That's what my driver was intended to do too. Loading all config into the entire COG exec space (using LUT RAM) and the total ~4kB memory footprint overhead can be reused for a dual scan line buffer area, making it very low HUB usage overall. Also without HUB exec required this means that any corruption of HUB RAM after the video driver COG is spawned can't really crash the driver which is useful if you are using it to debug the problem, although it can obviously corrupt the screen output itself.

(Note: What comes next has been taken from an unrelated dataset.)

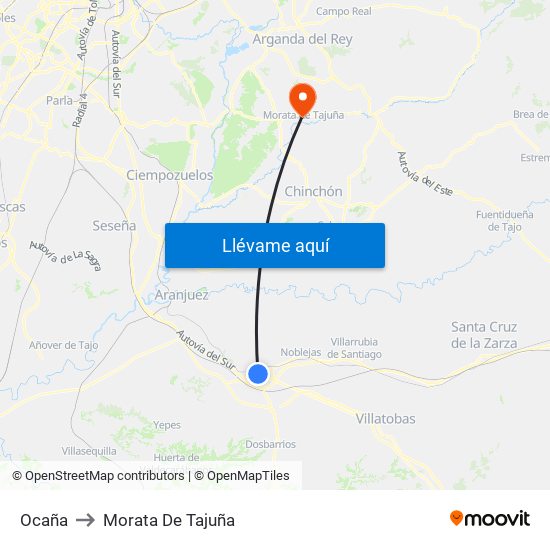 Ocaña to Morata De Tajuña map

One other thing is I do wonder how high a resolution your driver can be operated at? I know mine can reach 1920x1200 in VGA mode, not sure about 2048x1536 - I think that exceeds my buffering capacity with the mouse sprite stealing 16 longs in LUT leaving only 240 for the temporary line buffer for doubling and 256 for the palette RAM. What would limit the resolution in your driver? Is it just the P2 clock speed for outputting doubled pixels or other things like streamer ops?
The old driver could do 5x scaling from 384x240 to 1920x1200. No reason it couldn't do this with 1x native data. Haven't readded such hi-res modes with the new one, but I guess it should work. Remember that software pixel doubling is only needed for DVI/HDMI (where there is always time for it because of the fixed clock ratio), for analog I can just set a slower clock and have the normal streamer DMA do the work.
Aha, yeah pixel doubling via HW streamer DMA is nice. I guess I expected I couldn't do that due to the fact that different regions could exist with/without doubling present, unless I somehow tweak streamer clocks on the fly per region - hmm maybe I could use setq to change the streamer rate per region if it were cleaned up a bit.
Doing HW pixel doubling and via the scanfunc trick could open up lots more LUT longs in my driver and free space needed for things like HDMI and frequent audio polling. I should think about this if I want to restructure it.
This is all very interesting as I can see you've probably learned a few things from what I did in my driver code (at least what parts to avoid and how to improve) and I can learn some from your approach too.
Something that takes the best parts of both our drivers could be pretty nice - probably closer to your overlay framework. I do sort of like the simplicity of basic frame buffers for graphics work and single COG operation with some in built text support is nice too with full per character bg/fg colour like real VGA, otherwise you need to burn more COGs. Multi-region is probably not as frequently needed but it can really help if you want to have pull down screens with different COG applications running in each, not needing to really share a single screen. Like a debug console that can be scrolled/hidden on demand running with some sprite based game or another GUI on-screen with a mouse cursor that don't need to know about this console and can simply continue writing to their own buffers independently.
What would the DVI encoder do if operated with a pixel clock other than 1/10 sysclock? A couple possibilities.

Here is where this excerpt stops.